PT e PSDB não se distinguem mais em termos substantivos. A opinião pública mostra-se tendencialmente saturada pela reiteração de uma polarização que, com o passar dos anos, foi perdendo razão de ser e já não "dramatiza" as disputas eleitorais. Com isso, os dois principais partidos políticos brasileiros correm o risco de chegar às urnas em um quadro de desgaste e cansaço, o que poderá ajudar os candidatos de outros partidos mais bem estruturados - o PMDB, por exemplo - ou uma candidatura populista que se apresente como estando "acima" dos partidos e se projete como paladina da luta contra a corrupção e por mais "proteção social".

Seja como for, o processo não terá como se afastar muito da polarização que tem prevalecido na vida brasileira desde o início da década de 1990, que opõe duas postulações reformadoras de centro-esquerda, uma encabeçada pelo PT - mais aberta ao mundo social e a compromissos com o associativismo tradicional - e outra pelo PSDB, mais dedicada à reforma do Estado e à introdução de novas modalidades de gestão estatal e de organização da economia. São postulações que, vistas a frio, isto é, fora das disputas políticas imediatas, podem ser aproximadas de um programa social-democrático, pois se mostram igualmente sensíveis - ainda que de modo distinto - ao binômio desenvolvimento-inclusão social e aos valores da democracia.

Tem-se, portanto, uma situação potencialmente positiva. Tudo dependerá, porém, das candidaturas. Um candidato do PSDB que venha pela direita, por exemplo, e reforce o lado mais tecnicista e menos ideológico desse partido tenderá a neutralizar o debate democrático, forçando o eleitor a comparar estilos de gestão mais que idéias de país e de mundo. Uma candidatura Lula, por outro lado, que se limite a fazer a defesa de seu governo, que não invista em autocrítica e que não reveja as bases de sua coalizão tenderá a levar o debate a um ajuste de contas meramente adjetivo. Tanto num caso como em outro, nada acontecerá em termos de educação da cidadania ou de fortalecimento da democracia. Dar-se-á o mesmo caso o processo fique amarrado ao tema da moralização.

As eleições de 2006 poderão ajudar a que uma política democrática e de esquerda dialogue com a população, fazendo sentido e dando uma perspectiva de futuro para os mais pobres. Ao final do ano, o Brasil terá um novo presidente, novos governadores e um novo Parlamento, mas os desafios e os problemas permanecerão. Não é de se prever uma guinada à direita, e as chances de um populismo à moda antiga parecem reduzidas, ainda que não possam ser descartadas.
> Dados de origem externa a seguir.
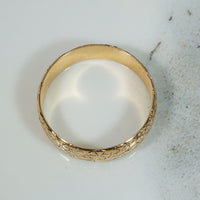 Lily Pad 18k Gold Wedding Band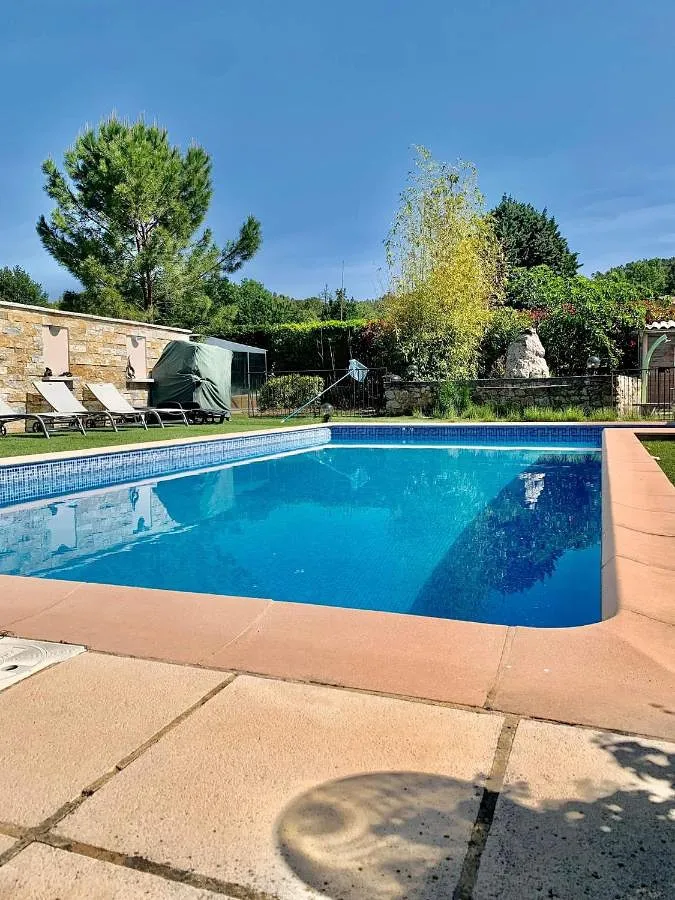 Chalet para 10 personas, con terraza además de vistas y piscina - 1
Tudo indica que o Brasil continuará a ser governado por alguma modalidade de centro-esquerda, administrando seu mal-estar institucional e sem apertar o passo em direção a uma incorporação social expandida. A situação é incerta sobretudo porque a sociedade se desmobilizou com a crise e porque a crise, por sua magnitude, fez com que o imaginário social voltasse a confiar em lideranças providenciais ou eminentemente "técnicas", gerenciais. Não há por que vislumbrar no curto prazo um País necessariamente melhor depois de passado o vendaval que desmontou o governo Lula e aprofundou a crise do sistema político. Mas o Brasil não está à beira do precipício nem sua democracia se encontra sob ameaça.
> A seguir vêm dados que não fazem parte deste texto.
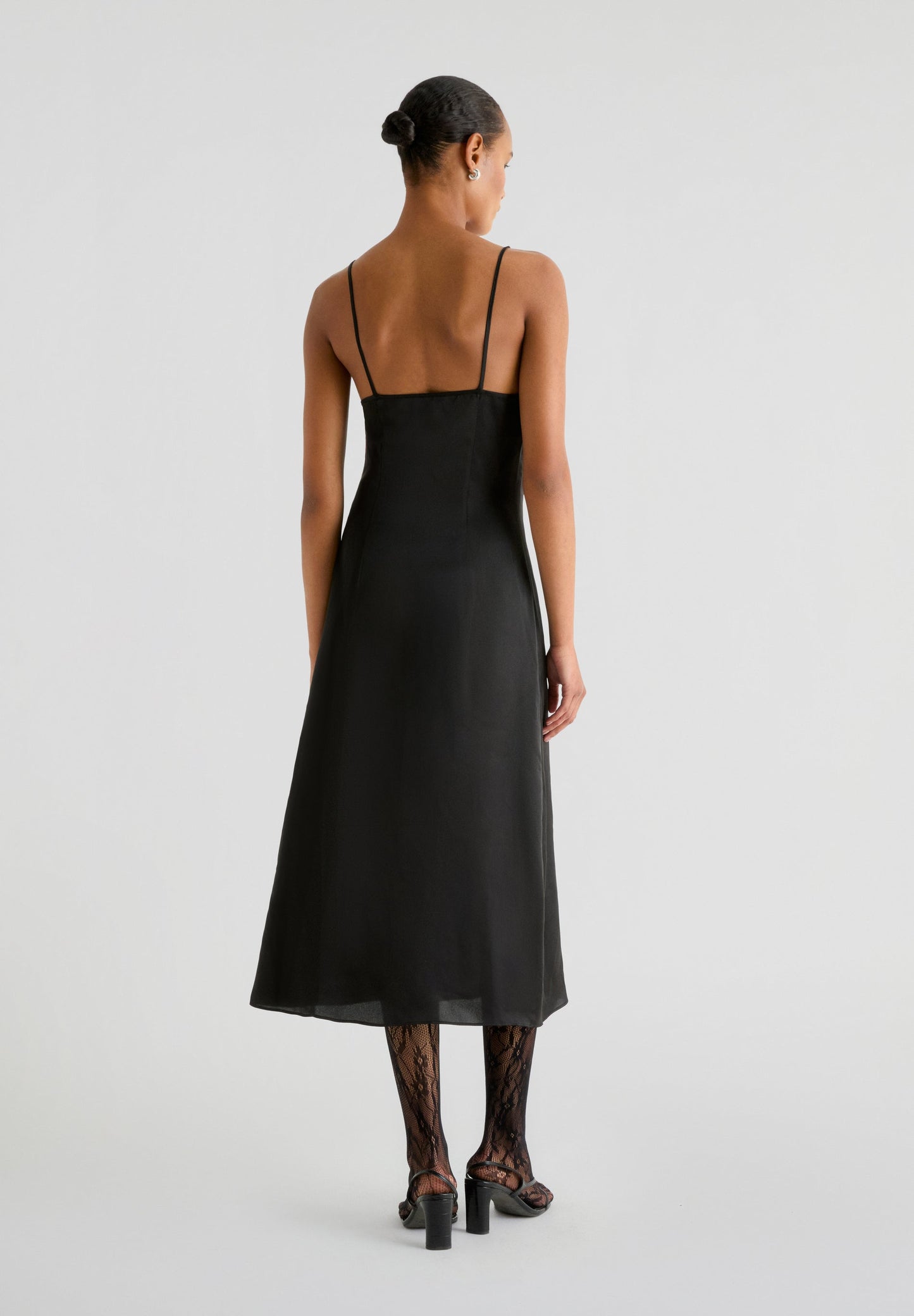 VESTIDO MIDI ENCAJE - Scalpers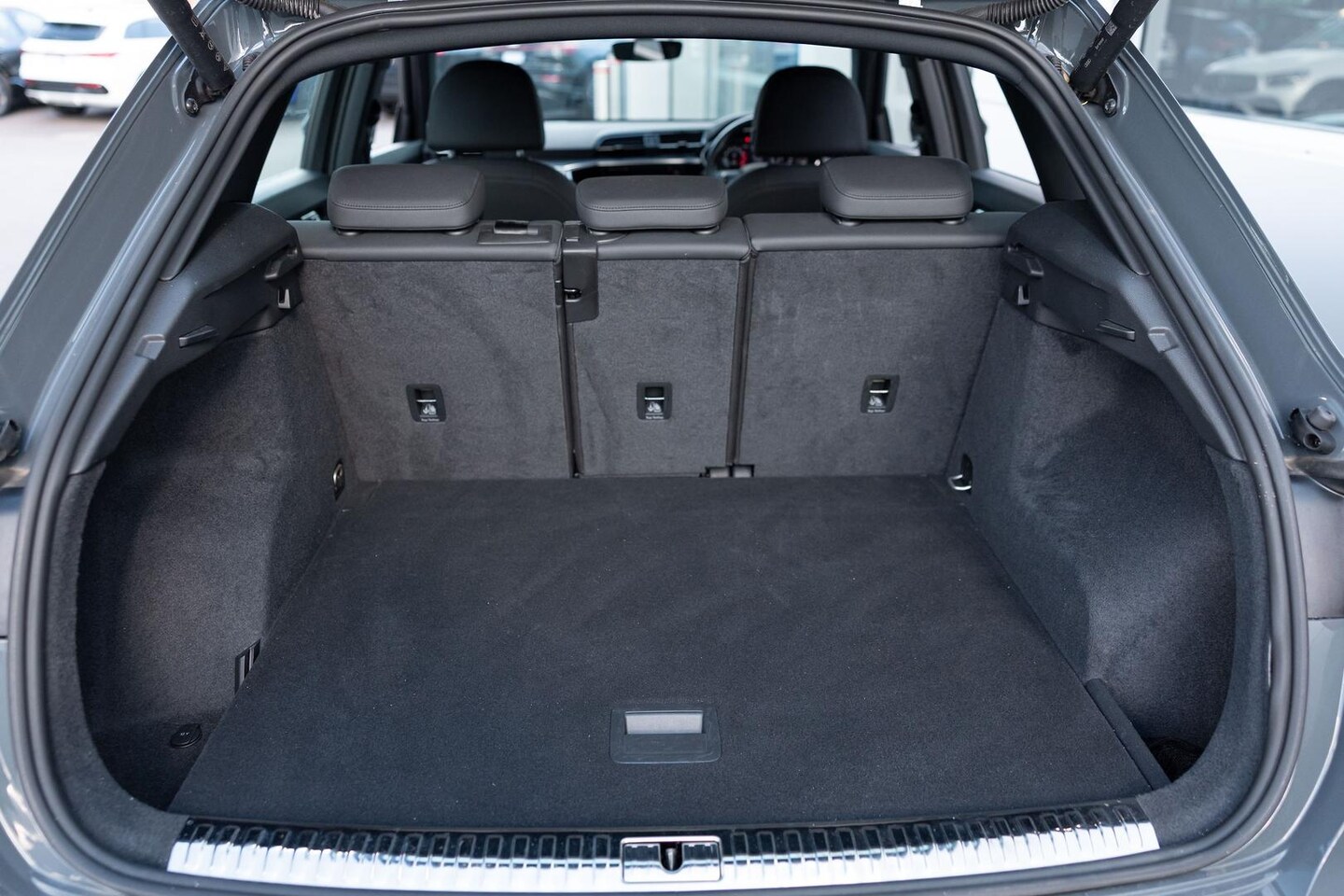 Image about Audi Q3 40 TFSI quattro S tronic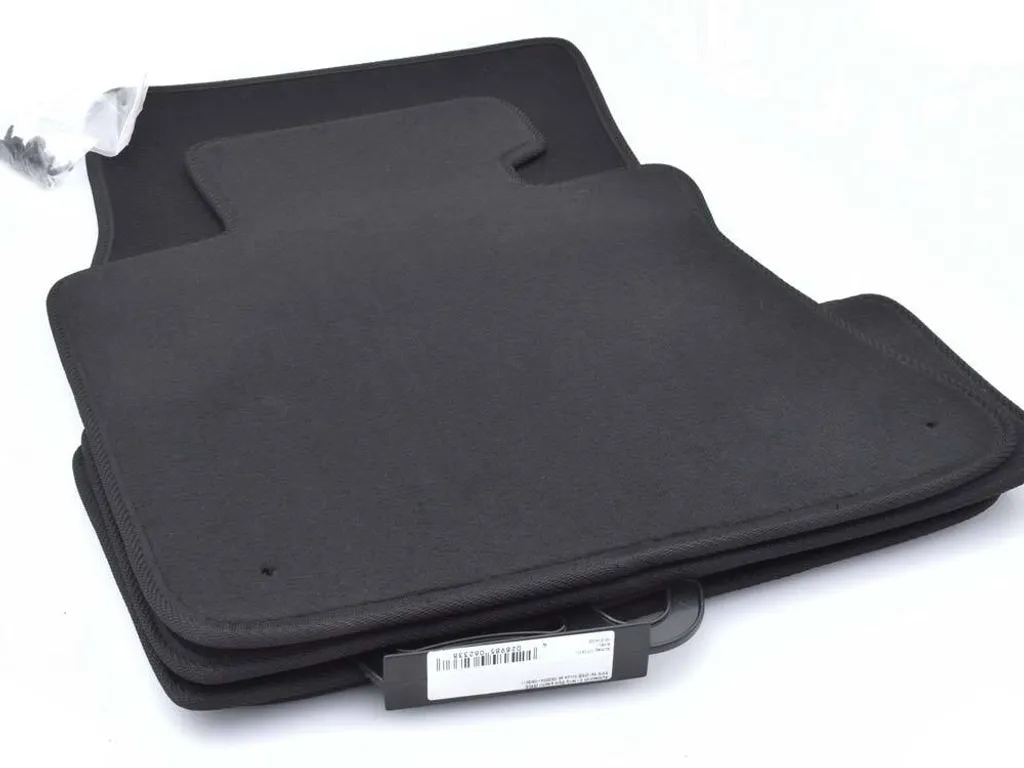 Tappetini BMW Serie 6 E63 Coupé Velours Nero - Qualità Originale 4 Pezzi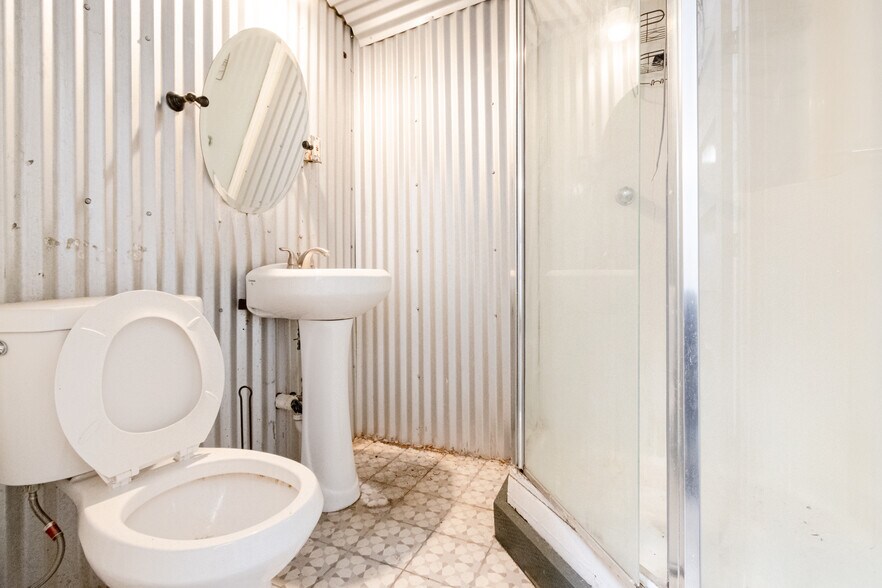 More Photos Of 30-32 Laskie St, San Francisco Service For Sale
Se privilegiarmos, porém, o revigoramento da cidadania política, a reforma democrática do Estado, a politização, a reestruturação social do País, então será preciso examinar em que medida as esquerdas e os democratas progressistas saberão dialogar entre si, rever procedimentos e convicções e interpelar os novos termos da vida moderna e do capitalismo globalizado. Nesse caso, teremos de verificar se a crise da esquerda - que hoje é um fenômeno mundial - evoluirá em sentido positivo e produzirá frutos no Brasil. O futuro, portanto, está aberto.